- Try it: Print the data below exactly as it stands, and keep the pictures out.

- The data:
---------------

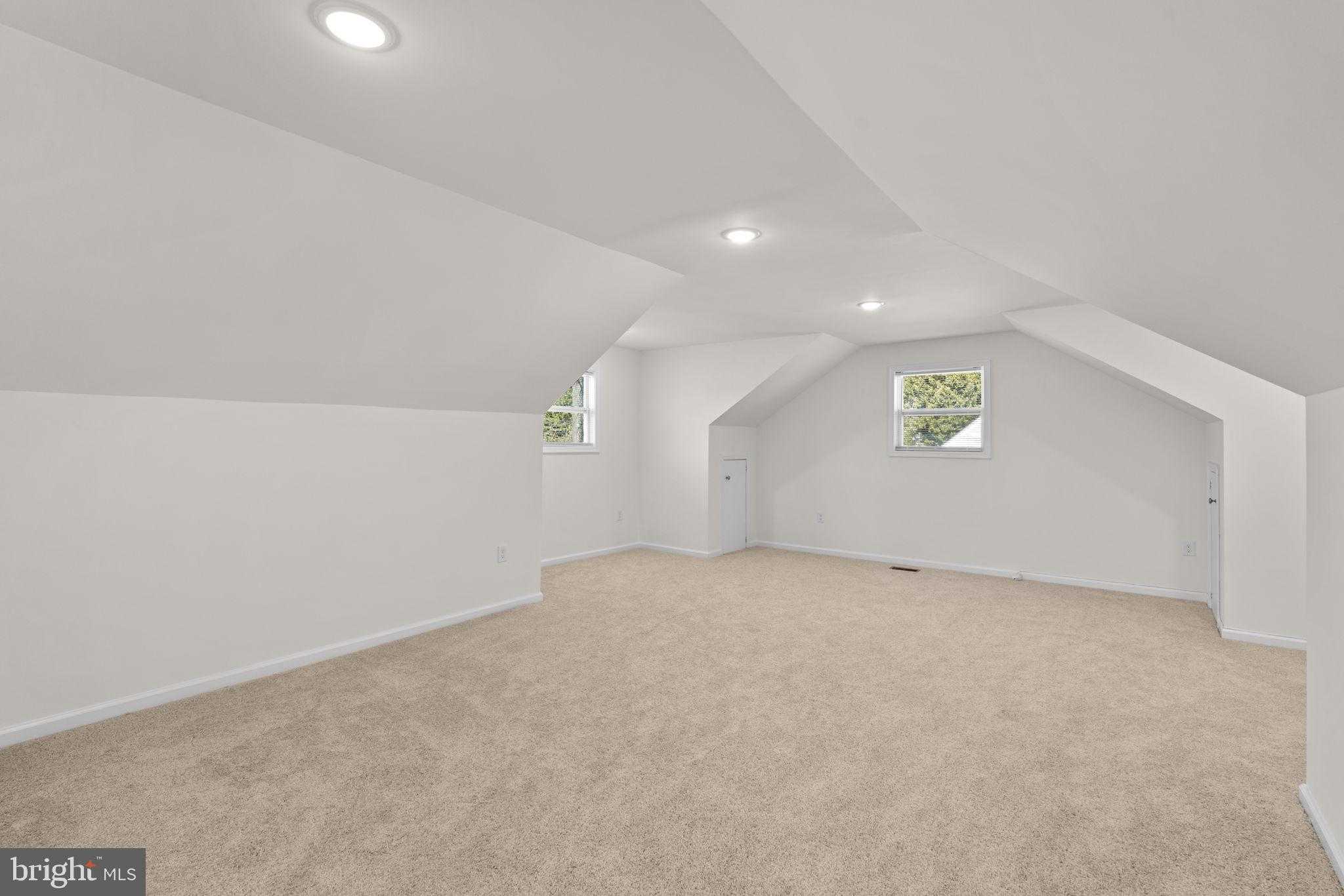 8062 Telegraph Rd photo 26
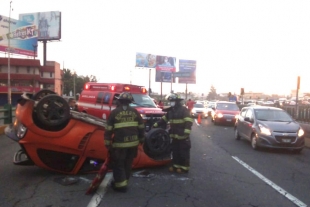 Accidente en Tollocan deja una persona herida y caos vehicular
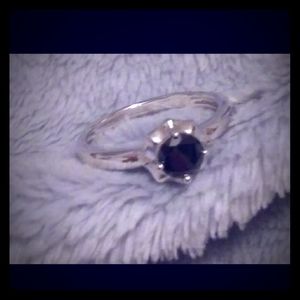 ◇New Onyx lab created stone on silver ring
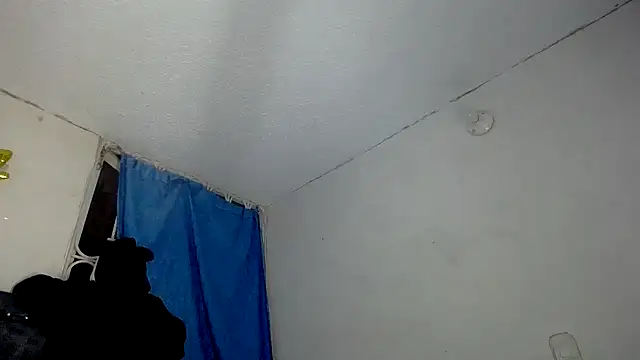Snapshot of Queenjenn__ chatting on 20, 12, 2024 Queenjenn   online show from 20, 12, 2024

---------------

- Reply:
 8062 Telegraph Rd photo 26
 Accidente en Tollocan deja una persona herida y caos vehicular
 ◇New Onyx lab created stone on silver ring
Snapshot of Queenjenn__ chatting on 20, 12, 2024 Queenjenn   online show from 20, 12, 2024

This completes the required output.